J’avais aussi pensé à un lieu plus moderne, avec des fenêtres qui ferment mieux et un accès plus simple. Mais je n’y aurais pas retrouvé le bruit sec des volets, l’odeur du linge séché dehors, ni cette façon qu’a une vieille maison de ralentir tout le monde d’un coup. J’ai fini par comprendre que le charme venait autant des défauts que des pièces fraîches. Quand la vieille porte a grincé entre la cuisine et la terrasse brûlante, j’ai su que je préférais ce passage-là à un couloir impeccable. Je ne sais pas si ce ressenti se répète partout, mais ici il m’a tenue du premier au dernier jour.
Ce que je retiens de cette parenthèse et ce que je referais (ou pas)
Je suis rentrée à Arles avec les épaules plus basses et le goût du café sous la treille encore présent. Ces 3 semaines au Mas Saint-Rémy m’ont rendue à une lenteur que j’avais laissée filer depuis longtemps. J’ai été convaincue par la fraîcheur naturelle des murs, par le silence plein de petits sons, et par la façon dont la cour changeait au fil de la journée. J’ai aussi retenu les limites, sans les enjoliver: la chambre sous toiture, le Wi-Fi capricieux, les moustiques et l’accès de nuit m’ont rappelé que cette maison demande un peu d’accord avec elle. Mais c’est justement ce caractère qui l’a rendue si présente dans mes journées.

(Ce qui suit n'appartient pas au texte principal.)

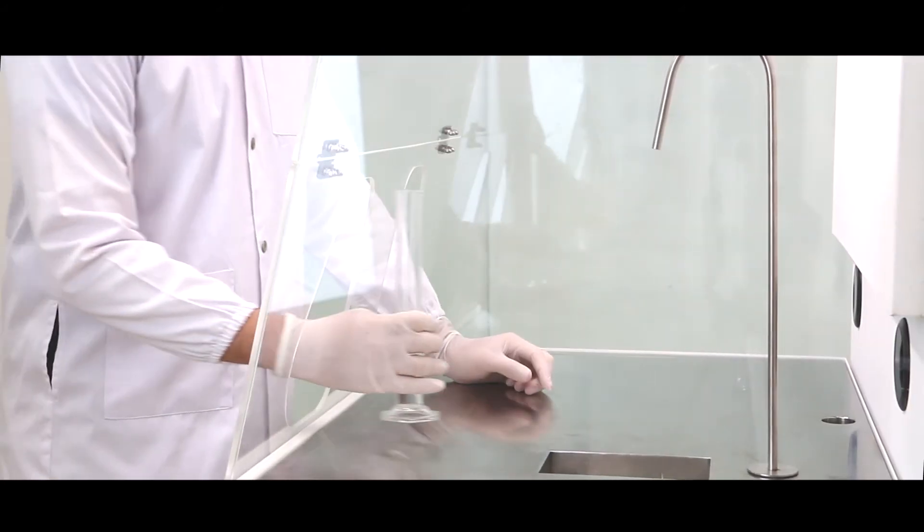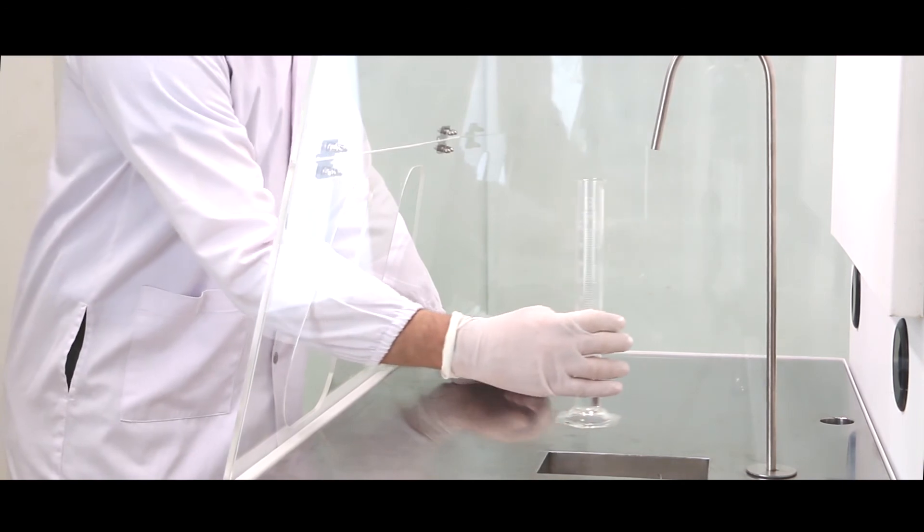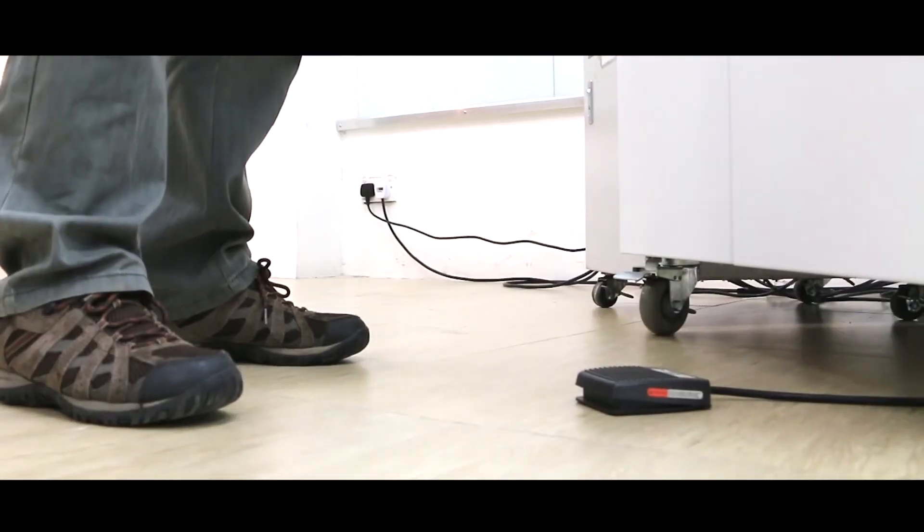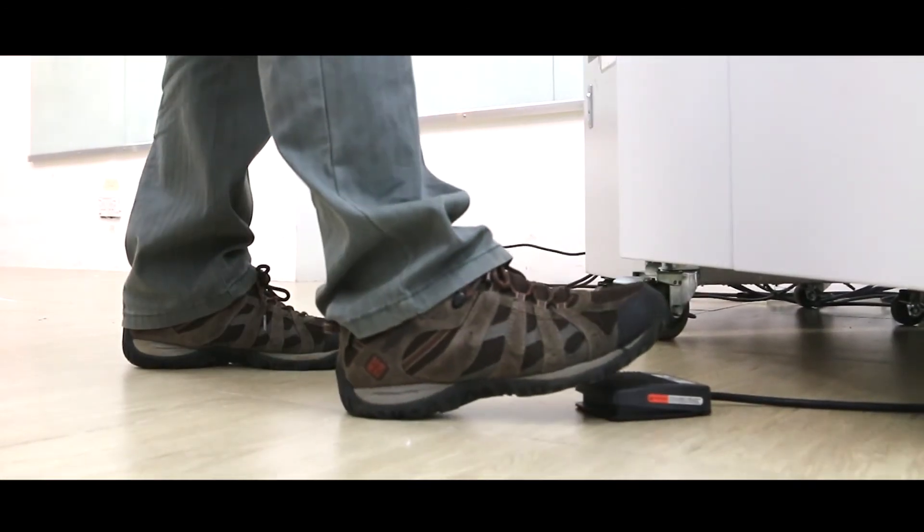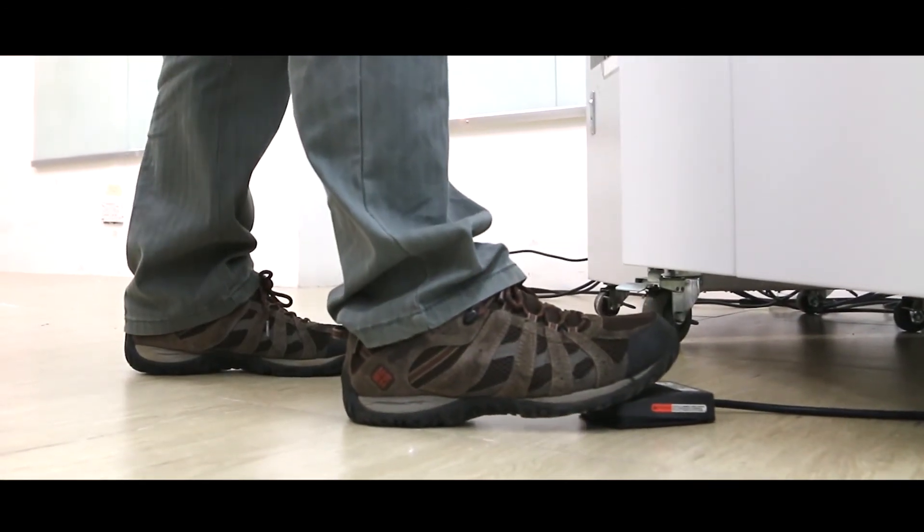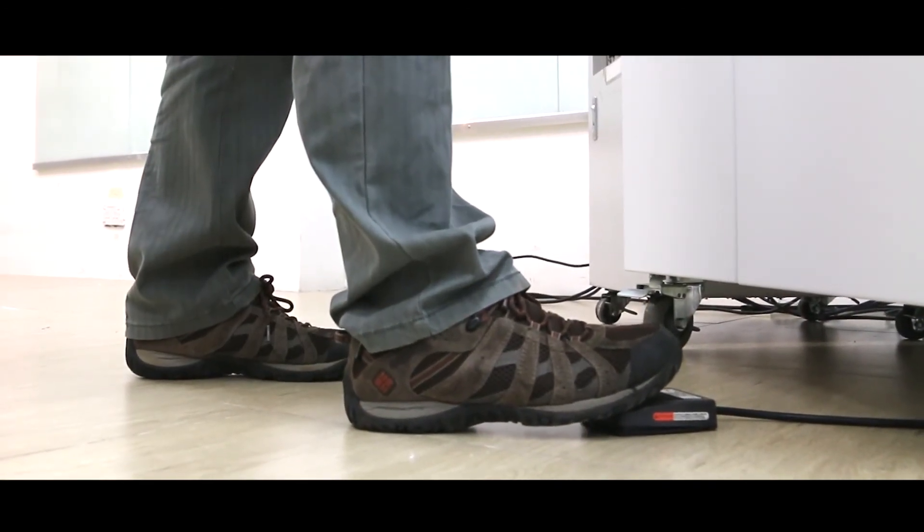Dispensing formalin is easy with its built-in motor pump which can be controlled remotely with a foot pedal.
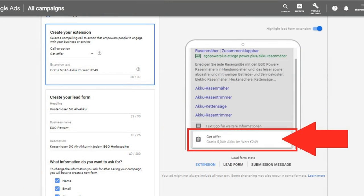Currently, only a limited number of advertisers have access to lead form extensions. In the coming weeks the feature will be available in beta to all eligible Google Ads accounts.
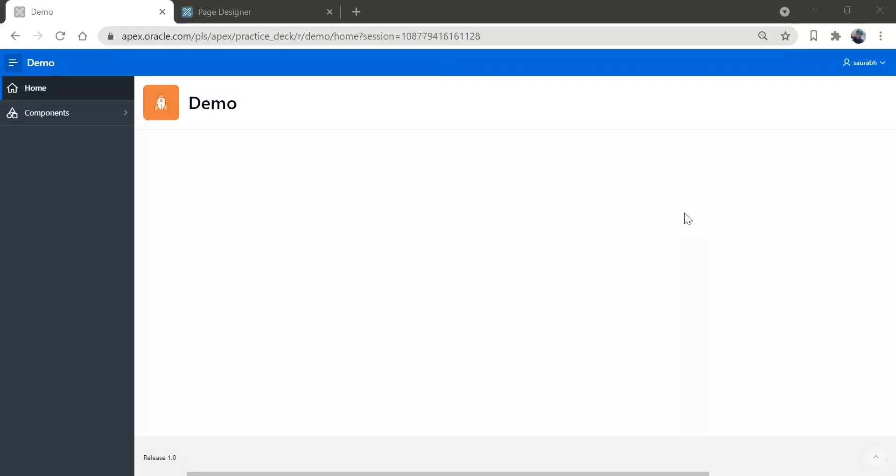Hi friends, Saurav here. Welcome back to my channel. So today we are going to see how to change the theme of this application and we'll do some cosmetic changes in this application.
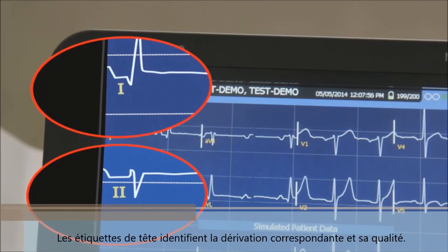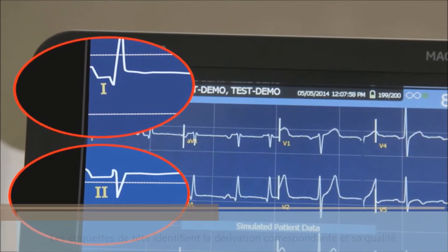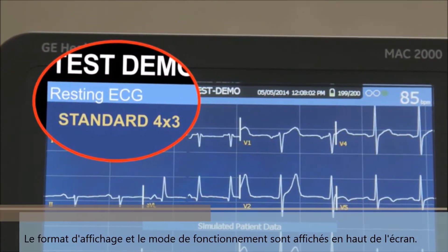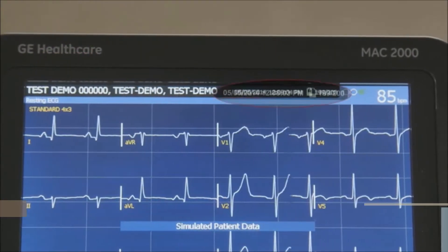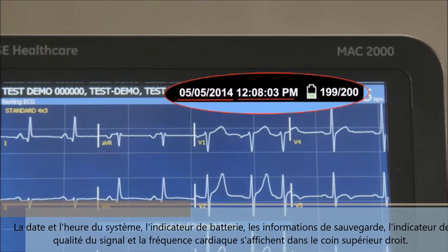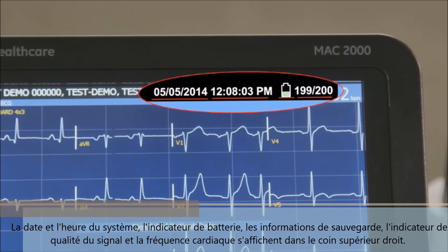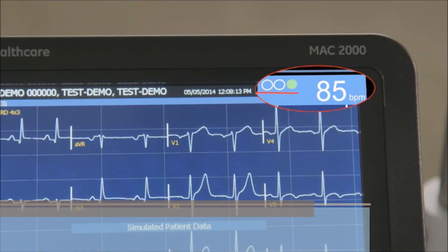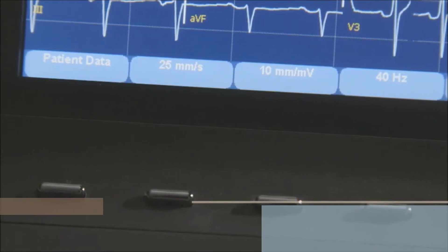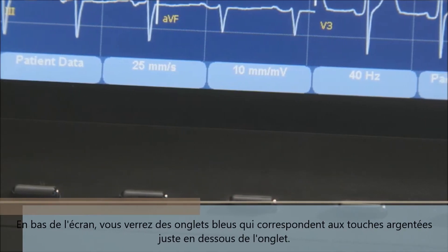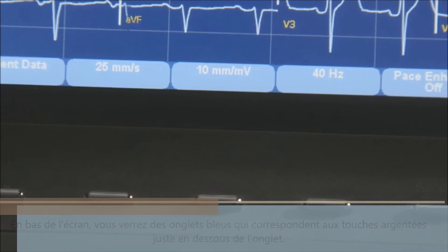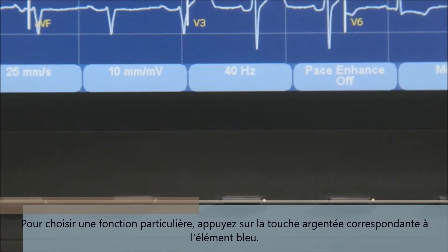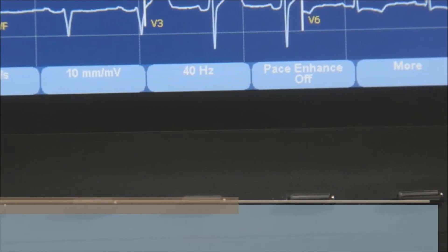The lead labels identify the corresponding waveform and its quality. Display format and operating mode are shown at the top of the display. System time and date, battery indicator, storage information, hookup advisor signal quality indicator, and heart rate are all displayed in the upper right corner. Across the bottom of the screen you will see blue tabs that correspond to the silver keys just below the tab. To choose a particular function, press the corresponding silver key beneath the menu item.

Je reviendrais, mais pas pour une seule nuit, parce que le rythme du lieu se sent mieux sur la durée. Je choisirais le rez-de-chaussée en plein été, et je garderais les volets fermés dès 17h30. Je ne referais pas la même erreur de chambre sous les combles sans clim, ni l’arrivée tardive sans avoir repéré le portail en journée. J’ai aussi appris à ne rien laisser dehors sur la table, même un panier de fruits. Ce genre de détail change vraiment l’ambiance d’une soirée.
Pour quelqu’un qui accepte de laisser le téléphone sur la commode, de marcher sur un chemin de gravier et de vivre avec quelques frottements, l’expérience vaut le détour. Pour des familles, le calme et la cour peuvent être un bonheur, à condition de choisir la bonne chambre. Pour des citadines comme moi, qui portent encore leur journée dans la tête, ce type de maison remet les heures à leur place. Le Mas Saint-Rémy m’a laissée avec une fatigue douce, des draps frais et une envie nette de ralentir encore un peu. C’est sans doute ce que je garderai le plus longtemps.